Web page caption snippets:
<<<<

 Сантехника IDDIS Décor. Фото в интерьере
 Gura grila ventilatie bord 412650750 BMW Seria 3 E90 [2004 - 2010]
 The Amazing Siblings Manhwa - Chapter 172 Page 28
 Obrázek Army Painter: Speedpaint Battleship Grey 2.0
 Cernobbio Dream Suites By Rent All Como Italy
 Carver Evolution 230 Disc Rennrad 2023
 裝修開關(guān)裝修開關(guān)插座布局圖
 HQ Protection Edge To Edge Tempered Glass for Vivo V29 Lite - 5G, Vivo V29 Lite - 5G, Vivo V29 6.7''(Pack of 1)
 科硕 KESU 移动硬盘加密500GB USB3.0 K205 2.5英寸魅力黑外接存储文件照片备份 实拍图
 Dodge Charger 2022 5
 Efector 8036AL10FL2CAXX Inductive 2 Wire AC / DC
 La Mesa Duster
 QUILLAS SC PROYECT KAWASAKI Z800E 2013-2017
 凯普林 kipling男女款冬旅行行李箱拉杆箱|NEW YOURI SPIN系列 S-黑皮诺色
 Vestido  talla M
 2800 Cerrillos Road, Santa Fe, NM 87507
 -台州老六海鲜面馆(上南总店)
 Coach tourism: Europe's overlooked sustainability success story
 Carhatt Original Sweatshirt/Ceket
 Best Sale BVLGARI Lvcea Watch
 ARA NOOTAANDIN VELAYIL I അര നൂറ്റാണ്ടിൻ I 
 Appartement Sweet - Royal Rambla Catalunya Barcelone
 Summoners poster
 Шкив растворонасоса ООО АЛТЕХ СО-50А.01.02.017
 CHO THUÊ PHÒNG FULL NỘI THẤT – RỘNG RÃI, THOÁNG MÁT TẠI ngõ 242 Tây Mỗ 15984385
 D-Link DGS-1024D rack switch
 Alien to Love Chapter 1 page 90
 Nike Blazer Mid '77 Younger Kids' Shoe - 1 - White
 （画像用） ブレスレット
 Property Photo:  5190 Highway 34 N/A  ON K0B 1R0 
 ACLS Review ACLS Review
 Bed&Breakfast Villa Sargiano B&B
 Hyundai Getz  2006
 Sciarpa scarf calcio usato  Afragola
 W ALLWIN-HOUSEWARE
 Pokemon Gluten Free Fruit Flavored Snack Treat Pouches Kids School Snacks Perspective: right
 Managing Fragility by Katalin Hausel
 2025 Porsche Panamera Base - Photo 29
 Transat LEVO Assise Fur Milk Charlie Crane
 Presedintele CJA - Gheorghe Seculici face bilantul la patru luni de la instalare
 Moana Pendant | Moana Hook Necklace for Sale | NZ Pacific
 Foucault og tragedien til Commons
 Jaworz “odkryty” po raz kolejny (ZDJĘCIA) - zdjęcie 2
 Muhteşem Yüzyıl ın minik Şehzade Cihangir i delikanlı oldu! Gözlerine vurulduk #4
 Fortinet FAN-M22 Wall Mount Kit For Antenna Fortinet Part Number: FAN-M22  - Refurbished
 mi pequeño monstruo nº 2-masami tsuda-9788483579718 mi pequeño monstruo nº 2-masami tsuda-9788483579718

>>>>

WORK INSTRUCTION:
Could you return all lines from the data above that contain the string "Photo"?

RESULT BELOW:
 Property Photo:  5190 Highway 34 N/A  ON K0B 1R0 
 2025 Porsche Panamera Base - Photo 29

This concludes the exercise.